*Work instructions*. Output every entry exactly as it appears.

(Short descriptive text snippets)

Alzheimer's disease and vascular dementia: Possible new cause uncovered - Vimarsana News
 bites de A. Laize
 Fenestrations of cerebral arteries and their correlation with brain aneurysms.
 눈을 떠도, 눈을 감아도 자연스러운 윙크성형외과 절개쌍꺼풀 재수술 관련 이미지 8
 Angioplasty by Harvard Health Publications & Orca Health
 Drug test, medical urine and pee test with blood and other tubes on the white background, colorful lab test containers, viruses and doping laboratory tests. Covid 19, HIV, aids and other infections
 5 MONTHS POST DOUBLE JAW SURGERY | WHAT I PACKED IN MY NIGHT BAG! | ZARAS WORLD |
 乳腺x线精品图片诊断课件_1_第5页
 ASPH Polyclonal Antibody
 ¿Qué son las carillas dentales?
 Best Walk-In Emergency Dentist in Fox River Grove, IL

*Response below*.
Alzheimer's disease and vascular dementia: Possible new cause uncovered - Vimarsana News
 bites de A. Laize
 Fenestrations of cerebral arteries and their correlation with brain aneurysms.
 눈을 떠도, 눈을 감아도 자연스러운 윙크성형외과 절개쌍꺼풀 재수술 관련 이미지 8
 Angioplasty by Harvard Health Publications & Orca Health
 Drug test, medical urine and pee test with blood and other tubes on the white background, colorful lab test containers, viruses and doping laboratory tests. Covid 19, HIV, aids and other infections
 5 MONTHS POST DOUBLE JAW SURGERY | WHAT I PACKED IN MY NIGHT BAG! | ZARAS WORLD |
 乳腺x线精品图片诊断课件_1_第5页
 ASPH Polyclonal Antibody
 ¿Qué son las carillas dentales?
 Best Walk-In Emergency Dentist in Fox River Grove, IL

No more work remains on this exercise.